Senate President Pro Tem Kevin De Leon, D-Los Angeles talks to members of the Sacramento Bee Capitol Bureau on Monday, March 2, 2015 in Sacramento. | Hector Amezcua hamezcua@sacbee.com

You might think this description refers to Democrats and Republicans. But it’s really about the Assembly and the Senate.

An anthropological study would reveal that the two tribes’ cultural differences evolve constantly but are never reconciled.

One house is always dominant. For most of the 20th century, the Senate and its long-serving, even elderly, members called the shots, but professionalism and the one-man, one-vote decision shifted the balance of power in the mid-1960s.

The Assembly dominated during the lengthy, authoritarian speakerships of Jesse Unruh and Willie Brown, but Brown’s departure and the advent of term limits in the 1990s shifted power back to the Senate as the lower house raced through a series of weak, short-term speakers.

At the moment, the two tribes are in rough parity, each jostling for dominance.
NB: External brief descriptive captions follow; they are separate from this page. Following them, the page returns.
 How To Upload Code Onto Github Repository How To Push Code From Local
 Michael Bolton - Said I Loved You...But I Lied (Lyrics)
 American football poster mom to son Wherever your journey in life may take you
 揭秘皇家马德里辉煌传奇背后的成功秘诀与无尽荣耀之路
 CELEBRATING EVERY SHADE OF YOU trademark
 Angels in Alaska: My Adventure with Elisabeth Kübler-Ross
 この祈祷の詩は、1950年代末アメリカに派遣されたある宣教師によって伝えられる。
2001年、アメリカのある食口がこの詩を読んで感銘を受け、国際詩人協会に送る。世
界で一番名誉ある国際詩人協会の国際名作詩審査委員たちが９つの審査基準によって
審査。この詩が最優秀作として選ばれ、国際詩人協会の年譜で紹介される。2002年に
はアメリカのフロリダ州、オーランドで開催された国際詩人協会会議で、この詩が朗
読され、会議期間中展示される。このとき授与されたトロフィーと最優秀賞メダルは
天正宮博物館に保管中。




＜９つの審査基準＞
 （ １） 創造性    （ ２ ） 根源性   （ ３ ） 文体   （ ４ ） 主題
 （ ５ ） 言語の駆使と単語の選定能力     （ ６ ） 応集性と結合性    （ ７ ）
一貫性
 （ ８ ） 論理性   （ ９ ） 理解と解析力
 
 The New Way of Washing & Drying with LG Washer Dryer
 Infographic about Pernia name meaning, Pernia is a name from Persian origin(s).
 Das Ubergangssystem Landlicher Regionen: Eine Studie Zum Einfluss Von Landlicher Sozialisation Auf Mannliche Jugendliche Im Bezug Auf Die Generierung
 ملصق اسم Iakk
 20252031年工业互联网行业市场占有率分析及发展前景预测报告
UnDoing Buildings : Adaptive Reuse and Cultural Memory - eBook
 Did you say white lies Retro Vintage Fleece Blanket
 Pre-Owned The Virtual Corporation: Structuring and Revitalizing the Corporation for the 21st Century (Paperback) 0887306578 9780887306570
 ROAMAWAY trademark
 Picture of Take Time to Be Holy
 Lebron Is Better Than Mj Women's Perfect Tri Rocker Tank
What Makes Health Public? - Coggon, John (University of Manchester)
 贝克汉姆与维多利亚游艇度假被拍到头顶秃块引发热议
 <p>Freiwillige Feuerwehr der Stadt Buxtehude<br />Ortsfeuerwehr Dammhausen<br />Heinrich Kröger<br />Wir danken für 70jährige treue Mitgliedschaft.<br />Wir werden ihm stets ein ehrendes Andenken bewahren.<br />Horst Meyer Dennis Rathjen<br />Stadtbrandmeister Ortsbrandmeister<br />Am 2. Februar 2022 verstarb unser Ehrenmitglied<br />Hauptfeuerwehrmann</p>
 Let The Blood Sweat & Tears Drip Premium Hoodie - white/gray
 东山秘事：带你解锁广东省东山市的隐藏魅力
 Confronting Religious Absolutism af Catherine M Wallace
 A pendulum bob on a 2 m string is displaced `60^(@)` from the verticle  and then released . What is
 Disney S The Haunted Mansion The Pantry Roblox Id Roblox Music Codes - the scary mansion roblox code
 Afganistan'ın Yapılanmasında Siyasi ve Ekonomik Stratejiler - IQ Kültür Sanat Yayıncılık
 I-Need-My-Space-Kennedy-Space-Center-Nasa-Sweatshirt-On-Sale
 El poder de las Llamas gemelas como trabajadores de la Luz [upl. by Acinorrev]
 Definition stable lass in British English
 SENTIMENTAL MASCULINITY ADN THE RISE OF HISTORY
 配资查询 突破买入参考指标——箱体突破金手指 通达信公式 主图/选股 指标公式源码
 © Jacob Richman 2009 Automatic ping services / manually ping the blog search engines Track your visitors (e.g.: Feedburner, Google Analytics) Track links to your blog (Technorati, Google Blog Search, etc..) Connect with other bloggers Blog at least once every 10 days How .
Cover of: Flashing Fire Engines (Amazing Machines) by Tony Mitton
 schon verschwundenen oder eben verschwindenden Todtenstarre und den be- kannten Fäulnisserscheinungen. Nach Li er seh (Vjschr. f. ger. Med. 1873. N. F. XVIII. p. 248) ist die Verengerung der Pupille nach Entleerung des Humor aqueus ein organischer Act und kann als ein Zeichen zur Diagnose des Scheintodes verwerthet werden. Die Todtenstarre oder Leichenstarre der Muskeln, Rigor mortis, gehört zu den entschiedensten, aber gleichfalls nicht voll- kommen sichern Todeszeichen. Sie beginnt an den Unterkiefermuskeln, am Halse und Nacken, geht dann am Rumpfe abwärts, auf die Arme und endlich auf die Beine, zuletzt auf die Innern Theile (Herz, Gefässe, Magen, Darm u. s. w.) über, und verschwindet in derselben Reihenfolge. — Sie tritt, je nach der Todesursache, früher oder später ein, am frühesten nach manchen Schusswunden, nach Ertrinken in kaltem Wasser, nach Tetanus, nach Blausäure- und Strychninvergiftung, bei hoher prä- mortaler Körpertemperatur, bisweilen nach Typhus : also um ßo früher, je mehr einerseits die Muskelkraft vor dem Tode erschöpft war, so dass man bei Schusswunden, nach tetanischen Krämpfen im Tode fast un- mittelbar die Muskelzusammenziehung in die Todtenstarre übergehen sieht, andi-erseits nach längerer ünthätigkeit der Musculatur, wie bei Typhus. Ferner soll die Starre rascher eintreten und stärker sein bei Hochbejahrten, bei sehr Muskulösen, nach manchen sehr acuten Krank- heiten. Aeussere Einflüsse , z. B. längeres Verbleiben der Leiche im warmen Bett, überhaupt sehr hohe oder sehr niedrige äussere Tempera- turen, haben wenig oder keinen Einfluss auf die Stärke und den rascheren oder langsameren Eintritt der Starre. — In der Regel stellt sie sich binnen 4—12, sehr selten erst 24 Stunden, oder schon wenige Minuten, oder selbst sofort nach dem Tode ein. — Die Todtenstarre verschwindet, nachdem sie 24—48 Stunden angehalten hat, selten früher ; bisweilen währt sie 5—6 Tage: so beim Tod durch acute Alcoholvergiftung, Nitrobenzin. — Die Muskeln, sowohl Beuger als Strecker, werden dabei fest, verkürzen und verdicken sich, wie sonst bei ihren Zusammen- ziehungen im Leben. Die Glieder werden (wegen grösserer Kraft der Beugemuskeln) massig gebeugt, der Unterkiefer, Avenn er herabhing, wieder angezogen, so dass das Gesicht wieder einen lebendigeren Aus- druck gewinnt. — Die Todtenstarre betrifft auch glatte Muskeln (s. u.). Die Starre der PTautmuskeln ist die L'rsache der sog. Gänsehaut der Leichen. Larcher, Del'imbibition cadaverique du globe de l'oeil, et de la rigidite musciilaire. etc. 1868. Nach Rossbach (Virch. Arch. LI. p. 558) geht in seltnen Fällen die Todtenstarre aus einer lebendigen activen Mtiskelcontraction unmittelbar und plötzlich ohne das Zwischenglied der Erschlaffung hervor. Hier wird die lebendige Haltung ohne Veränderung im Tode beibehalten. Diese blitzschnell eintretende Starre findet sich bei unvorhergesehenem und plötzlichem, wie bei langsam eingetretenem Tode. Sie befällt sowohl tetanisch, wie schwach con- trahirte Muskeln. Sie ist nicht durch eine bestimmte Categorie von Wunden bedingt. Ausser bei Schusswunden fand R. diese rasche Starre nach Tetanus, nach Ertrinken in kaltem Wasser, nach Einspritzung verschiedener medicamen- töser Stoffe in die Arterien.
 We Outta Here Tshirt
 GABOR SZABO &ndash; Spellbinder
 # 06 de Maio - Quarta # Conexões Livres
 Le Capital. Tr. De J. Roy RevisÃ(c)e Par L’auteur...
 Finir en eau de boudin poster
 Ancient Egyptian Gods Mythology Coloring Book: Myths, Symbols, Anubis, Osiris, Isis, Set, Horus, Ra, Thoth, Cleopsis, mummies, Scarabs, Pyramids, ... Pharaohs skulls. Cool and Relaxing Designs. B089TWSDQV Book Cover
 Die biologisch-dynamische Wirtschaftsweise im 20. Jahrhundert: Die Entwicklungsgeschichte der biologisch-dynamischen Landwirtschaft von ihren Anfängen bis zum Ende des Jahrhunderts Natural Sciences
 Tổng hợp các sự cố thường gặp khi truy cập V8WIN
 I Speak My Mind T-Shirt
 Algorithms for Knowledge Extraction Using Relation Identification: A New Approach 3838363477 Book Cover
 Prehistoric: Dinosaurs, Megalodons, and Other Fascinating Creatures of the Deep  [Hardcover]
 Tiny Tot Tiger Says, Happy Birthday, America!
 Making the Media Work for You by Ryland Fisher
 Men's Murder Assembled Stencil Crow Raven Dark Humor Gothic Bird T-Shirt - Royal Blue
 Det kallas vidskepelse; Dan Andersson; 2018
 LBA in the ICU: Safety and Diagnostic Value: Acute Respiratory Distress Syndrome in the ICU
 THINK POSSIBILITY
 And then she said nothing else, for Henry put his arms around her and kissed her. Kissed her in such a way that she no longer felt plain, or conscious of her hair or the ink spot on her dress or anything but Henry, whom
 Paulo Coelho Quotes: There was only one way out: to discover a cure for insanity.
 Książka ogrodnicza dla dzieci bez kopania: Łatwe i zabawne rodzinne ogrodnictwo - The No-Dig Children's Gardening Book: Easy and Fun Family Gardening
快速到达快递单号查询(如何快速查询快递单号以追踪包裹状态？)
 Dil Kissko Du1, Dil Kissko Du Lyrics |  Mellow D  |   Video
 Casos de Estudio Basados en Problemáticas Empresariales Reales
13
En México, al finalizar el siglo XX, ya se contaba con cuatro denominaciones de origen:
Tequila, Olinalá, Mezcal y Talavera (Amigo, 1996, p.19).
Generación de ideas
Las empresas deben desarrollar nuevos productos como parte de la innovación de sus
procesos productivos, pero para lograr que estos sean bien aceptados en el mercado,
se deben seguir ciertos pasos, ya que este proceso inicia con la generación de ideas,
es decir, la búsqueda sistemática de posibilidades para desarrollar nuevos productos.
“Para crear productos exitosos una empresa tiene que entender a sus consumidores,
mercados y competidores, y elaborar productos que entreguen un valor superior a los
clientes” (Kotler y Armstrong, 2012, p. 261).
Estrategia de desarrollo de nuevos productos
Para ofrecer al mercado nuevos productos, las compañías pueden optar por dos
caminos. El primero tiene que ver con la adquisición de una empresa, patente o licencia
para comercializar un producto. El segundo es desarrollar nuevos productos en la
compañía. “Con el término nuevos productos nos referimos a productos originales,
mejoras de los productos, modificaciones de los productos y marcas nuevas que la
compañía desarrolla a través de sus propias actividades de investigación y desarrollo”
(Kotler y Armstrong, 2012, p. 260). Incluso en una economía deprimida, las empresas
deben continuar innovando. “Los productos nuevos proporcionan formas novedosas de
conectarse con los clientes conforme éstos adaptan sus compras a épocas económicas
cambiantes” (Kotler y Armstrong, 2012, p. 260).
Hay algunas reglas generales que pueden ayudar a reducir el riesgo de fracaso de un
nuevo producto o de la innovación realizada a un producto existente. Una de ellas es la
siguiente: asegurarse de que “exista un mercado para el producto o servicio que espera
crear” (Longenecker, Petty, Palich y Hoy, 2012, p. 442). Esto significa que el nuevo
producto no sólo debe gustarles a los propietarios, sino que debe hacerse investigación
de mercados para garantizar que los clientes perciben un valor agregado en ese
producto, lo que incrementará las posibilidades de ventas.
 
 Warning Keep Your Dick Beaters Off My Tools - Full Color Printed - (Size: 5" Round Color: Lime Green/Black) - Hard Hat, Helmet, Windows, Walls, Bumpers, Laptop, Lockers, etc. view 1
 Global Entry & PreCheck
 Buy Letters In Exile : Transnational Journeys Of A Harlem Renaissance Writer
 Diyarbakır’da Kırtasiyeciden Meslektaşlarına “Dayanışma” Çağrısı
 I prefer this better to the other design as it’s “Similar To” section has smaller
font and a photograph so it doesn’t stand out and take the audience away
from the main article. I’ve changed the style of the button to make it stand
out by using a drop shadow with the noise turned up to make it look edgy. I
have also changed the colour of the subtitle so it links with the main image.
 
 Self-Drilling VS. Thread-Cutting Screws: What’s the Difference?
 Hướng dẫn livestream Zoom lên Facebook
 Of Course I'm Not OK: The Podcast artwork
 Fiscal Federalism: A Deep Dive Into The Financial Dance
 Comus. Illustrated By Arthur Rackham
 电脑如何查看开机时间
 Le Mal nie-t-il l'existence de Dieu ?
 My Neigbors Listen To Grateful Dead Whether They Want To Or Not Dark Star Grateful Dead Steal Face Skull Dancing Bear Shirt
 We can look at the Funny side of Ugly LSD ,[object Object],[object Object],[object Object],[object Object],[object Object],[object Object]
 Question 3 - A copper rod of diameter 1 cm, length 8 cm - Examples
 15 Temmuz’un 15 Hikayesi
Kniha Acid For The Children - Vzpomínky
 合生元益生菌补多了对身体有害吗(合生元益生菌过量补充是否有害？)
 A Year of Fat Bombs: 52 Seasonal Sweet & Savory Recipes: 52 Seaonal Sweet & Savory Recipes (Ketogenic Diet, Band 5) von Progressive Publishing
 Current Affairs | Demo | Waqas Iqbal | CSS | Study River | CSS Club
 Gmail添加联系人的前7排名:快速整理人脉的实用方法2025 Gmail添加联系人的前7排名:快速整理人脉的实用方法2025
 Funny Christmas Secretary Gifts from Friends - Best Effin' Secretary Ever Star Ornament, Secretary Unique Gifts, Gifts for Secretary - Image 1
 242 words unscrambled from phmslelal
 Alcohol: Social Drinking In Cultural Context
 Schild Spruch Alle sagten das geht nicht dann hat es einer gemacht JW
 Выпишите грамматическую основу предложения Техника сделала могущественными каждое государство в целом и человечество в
But that’s not the only point of friction.

Historically, the Senate has been the more conservative of the two, but in recent years, with the advent of a bloc of moderate Democrats in the Assembly, it may be a little less liberal.

Finally, there’s the behavioral gap.

The Assembly long had the image of freewheeling, somewhat raffish and even semi-corrupt demeanor while the Senate was a bastion of probity – a little boring, perhaps, but collegial and less overtly partisan.